В средневековом мусульманском мире были и вольнодумцы, излагавшие свои идеи «открытым текстом». Религиозное мировоззрение они разрушали подобным образом как бы извне. Но подавляющее большинство памятников свободомыслия было создано на основе метода «кодирования», и их эмансипирующее мысль действие можно охарактеризовать как взрывание религиозных представлений изнутри. Этот метод обеспечивал поэтапное приобщение к «эзотерическим учениям» людей, способных к отвлеченному мышлению, и держал на расстоянии от них «широкую публику», интеллектуально не подготовленную к их усвоению.

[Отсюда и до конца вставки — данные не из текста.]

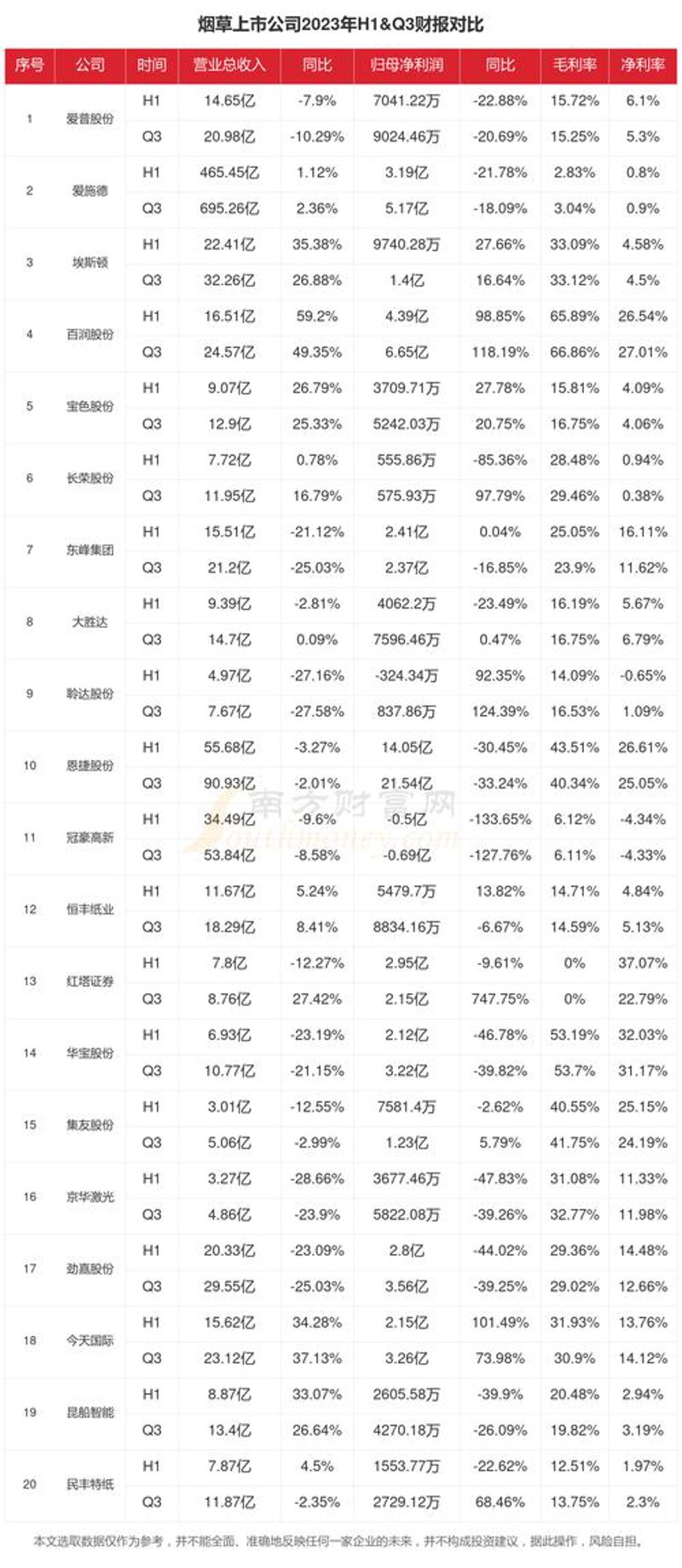 烟草行业的信息化革新：以XXX平台为例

Как уже отмечалось, аль-Бируни был убежден в том, что «обитатели этого мира» не все философы, а в большинстве своем «невежественные и заблуждающиеся люди», для которых правила общежития должны быть обязательно освящены религией. Убеждение это было распространенным, и, с точки зрения многих передовых мыслителей, их идеи, будь они достоянием всех без исключения, не подняв людей до их собственного уровня, отняли бы у общества регулирующие его жизнедеятельность религиозные принципы и ввергли бы вчерашних правоверных в пучину анархии.

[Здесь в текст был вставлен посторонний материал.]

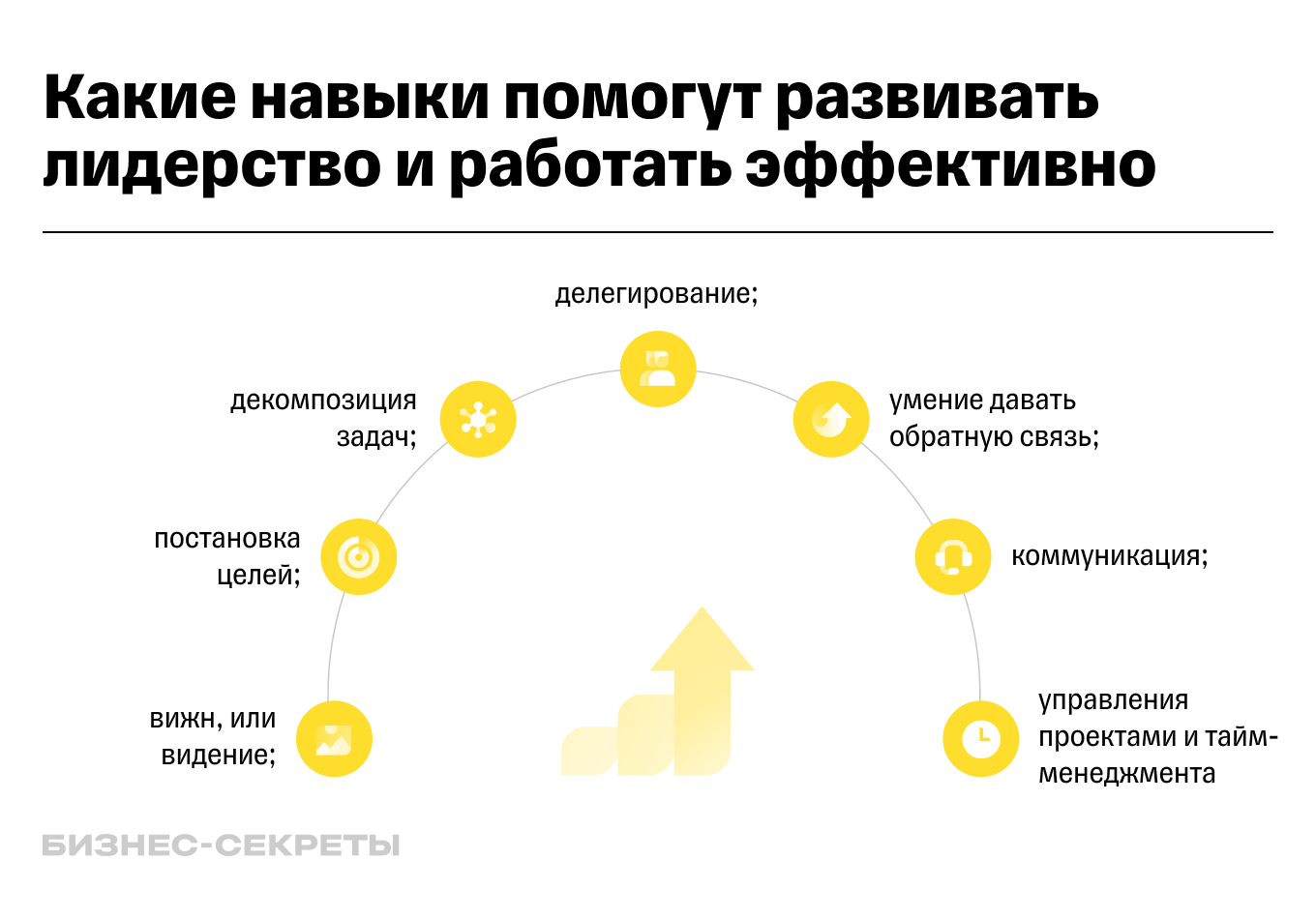 Что такое soft skills и где этому научиться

Отсюда характерная для судьбы наследия ряда этих вольнодумцев двойственность и противоречивость трактовки их идей как в средневековой арабо-мусульманской и западноевропейской мысли, так и в историко-философских исследованиях Нового и Новейшего времени. В зависимости от конкретных социокультурных условий перемещение акцента с экзотерического плана на эзотерический или наоборот превращало одно и то же учение либо в крамольное, либо в респектабельное и даже выражающее суть религии. Так бывало, например, с учениями ашаритов, аль-Газали и Ибн аль-Араби.

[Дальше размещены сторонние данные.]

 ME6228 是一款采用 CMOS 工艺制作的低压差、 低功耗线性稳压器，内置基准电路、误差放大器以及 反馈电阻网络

В западноевропейском средневековье восприятие философских концепций мусульманского мира сопровождалось, с одной стороны, приспособлением их к потребностям теологии, как в случае с некоторыми рассуждениями Ибн Сины, использованными Фомой Аквинским в отрыве от их первоначального контекста для доказательства богооткровенных истин, а с другой — пропагандой их в специфической для Европы форме «двух истин» («двойственной истины»). В исследованиях Нового и Новейшего времени игнорирование или незнание указанного своеобразия формы, в которую облекалось арабо-мусульманское свободомыслие, в зависимости от идейных установок их авторов вело либо к утверждениям о глубокой преданности религии всех арабо-мусульманских мыслителей, в крайнем случае о двойном, эллинско-мусульманском, «гражданстве» некоторых из них, либо к заявлениям об их противоречивости и непоследовательности, что, впрочем, в одинаковой мере означало нежелание или неспособность внять призыву самих вольнодумцев мусульманского средневековья проникать в сокровенные их мысли сквозь внешние атрибуты лояльности к Откровению. «…Мы не лишили совершенно эти тайны, доверенные нами сим немногим листкам, легкой завесы, которую быстро прорвет тот, кто достоин ее, но которая окажется непроницаемой и недоступной для того, кто не достоин переступить ее»26,— писал испано-арабский философ Ибн Туфейль (ок. 1110–1185 гг.), выражая и своеобычную сущность свободомыслия мусульманского средневековья, и требование надлежащего к нему подхода.